In his autobiography, Interesting Times, Eric Hobsbawm, who was arguably the greatest 20th century historian, wrote, "More history than ever is today being revised and invented by people who do not want the real past, but only a past that suits their purpose. Today is the great age of historical mythology. The defence of history by its professionals is today more urgent in politics than ever. We are needed." Interesting Times was published in 2002, but Hobsbawm’s observation has, if anything, become even more relevant in the past 16 years.
Naturally, there has always been pressure on schools by governments to instill a sense of national community and teach certain values to citizens. In more liberal eras, however, history teachers are encouraged to tell their students that history is always told from someone’s perspective. They are encouraged to tell their students that even the very choices of topics and events to teach are based on fallible and necessarily biased human decisions - and the story they learn at school is not the only story worthy of learning.
In less liberal eras this is different. Authoritarians do not ask educators to tell students about as many angles of the whole story as possible. They do not ask educators to foster discussions around history’s multiple perspectives and develop questions about the accounts incorporated into the curriculum. Instead, authoritarians rewrite history to suit their needs and force educators to teach their version as the one and only correct version of history.
Authoritarians have a number of ways to achieve this. First and foremost, they may delimit the number of approved textbooks teachers can choose from to a few, and get those textbooks written by historians strongly identifying with their ideology. Second, they may require teachers to stick to the textbooks during lessons. Third, they may set up national examinations based on those and only those textbooks.
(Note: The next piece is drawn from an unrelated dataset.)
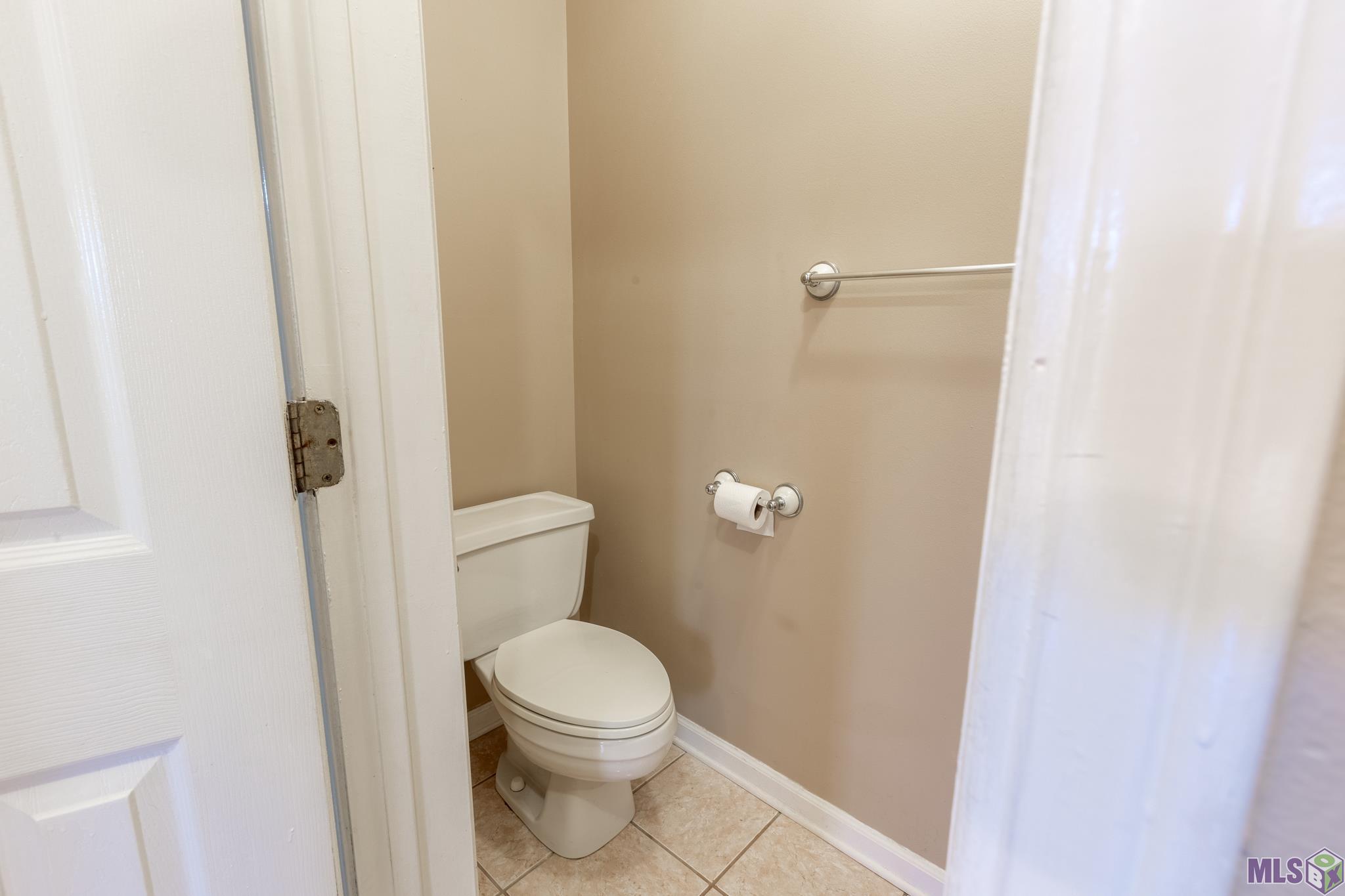 245 Acadia Drive Raceland, LA 70394 - Photo 22 of 30 half bath downstairs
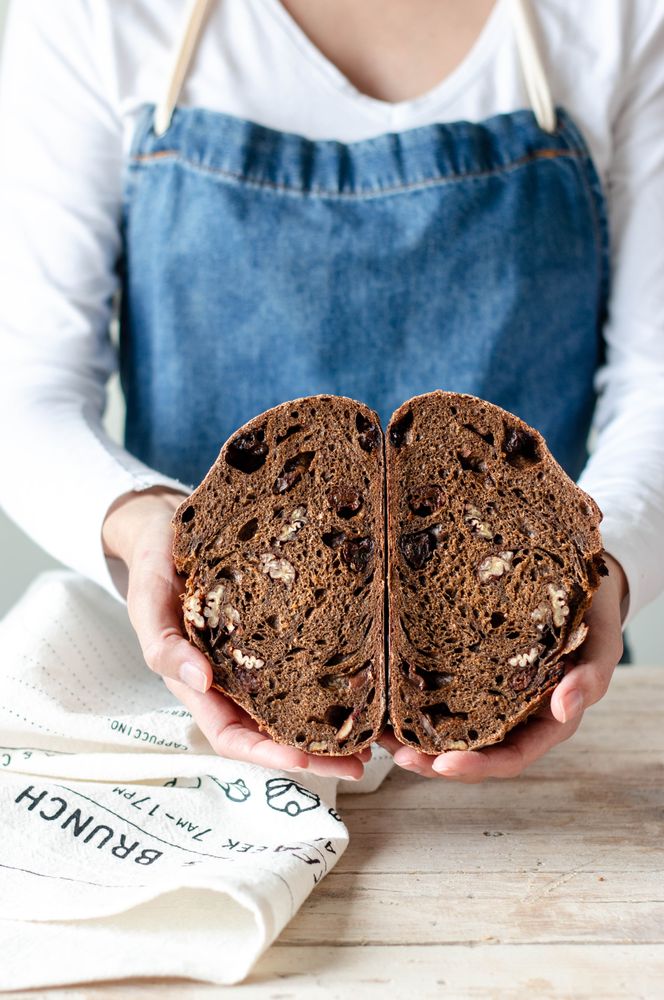 Hands of woman holding rye bread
This is dangerous, irrespective of which colours authoritarians may be flying. But when those authoritarians are nationalist, it is positively frightening. You do not need to look far back in the history of Europe to find armed conflicts and genocides fuelled by a sense of national superiority and an unquestioned assumption of having been unfairly treated by surrounding nations in the past.
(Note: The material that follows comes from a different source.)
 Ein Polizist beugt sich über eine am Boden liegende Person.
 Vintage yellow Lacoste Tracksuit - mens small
Hobsbawm is right. We badly need historians telling the public that history is much more complex and many sided than what authoritarians want us to believe. But we need not only professional historians. We need you, too.
Studies show that enduring ideas about national identity are often acquired during primary school. If you want to live in a peaceful and strong multinational Europe where people coming from all sorts of national backgrounds can efficiently cooperate, you need to teach your kids that the very idea of a homogenous nation is not something given by Mother Nature, but a construct that serves a purpose. You need to make them aware different interests within national communities are natural and that it is normal to disagree about past and present events. You need to show them that certain conflicts have historical roots and we, as a nation, have not always been on the morally right side.
And you need to tell them that having questions and a critical attitude is not a sign of betrayal. If anything, it is a sign of real loyalty.